The last ten years have seen a striking shift in tone from the US regulators who have adopted a more aggressive posture with respect to enforcing the provisions of the FCPA. The US authorities continue to target bribery offences committed outside the US through the use of more stringent investigative tactics and increased cooperation with other enforcement agents worldwide. The Hitachi case is illustrative of this new stance; often constrained by needing the relevant local governments to cooperate with them, on this occasion the SEC appears to have overcome the hurdle by enlisting the assistance of the African Development Bank’s Integrity and Anti-Corruption Department.

Moreover, this matter indicates the broadening sectorial scope of US regulatory interest. Previous FCPA enforcement actions have fallen within the oil and gas industry with the majority arising from West Africa; the Hitachi case is a first for South Africa and falls outside the extractive sector. Given that Japanese companies are increasingly involved across Africa, this change also represents heightened risks for their regional operations.

Growing Japanese FDI

Japan is one of world’s leading economies and whilst its progress into Africa has been slow, the country has made remarkable inroads in expanding its presence and influence. In 2014, the Japanese government promised USD 32 billion financial assistance to resource-rich African nations as part of its bid to cement relations with the continent. Japan recently signed a bilateral agreement with Mozambique – the first such agreement it has entered into with a sub-Saharan African country – and similar investment frameworks are in the process of being agreed with other African countries. These should all encourage more investment in the region.

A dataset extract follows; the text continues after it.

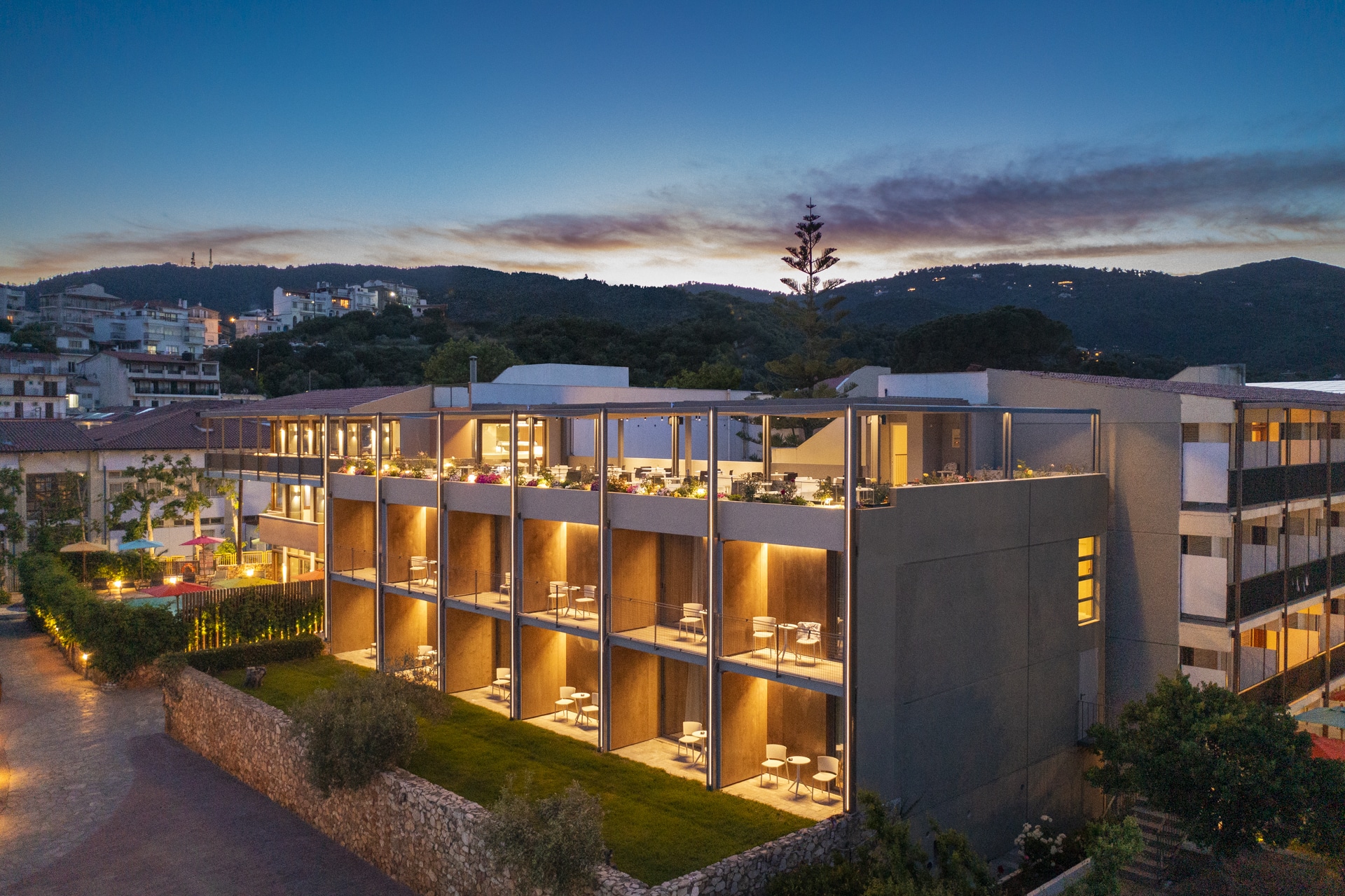 Alkyon Hotel-Zgrada hotela.jpg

This commitment to Africa is matched by Japanese companies. In September 2015, the African Development bank (AfDB) and the government of Japan agreed a USD 300m loan to support private sector business under a joint initiative named the Enhanced Private Sector Assistance (EPSA) for Africa. Several large trading entities, including Sumitomo and Sojitz, are active across the continent. Construction firms, such as Mitsubishi, Mitsui, and Hitachi, are also involved in various capacities in a number of infrastructure projects in Africa. According to Japan’s South African embassy, in 2013 the number of private Japanese companies in South Africa increased to 115. Direct investment from Japan has also increased in the country, and its cumulative total as of 2012 reportedly exceeded USD 26 million.

Notwithstanding the above, the popularity of Africa as a high-growth market is pushing Japanese companies into riskier investment terrains at a time when anti-corruption enforcement and awareness is at an all-time high. Hitachi is not the first Japanese company to face the wrath of the US anti-corruption regulators; Bridgestone, JGC Corporation and Sojitz have all been charged with FCPA violations in Latin America, Nigeria and Bahrain respectively. But as Japanese companies develop their new market strategies and pursue more opportunities in Africa, it is important that they are cognizant of the regulatory risks.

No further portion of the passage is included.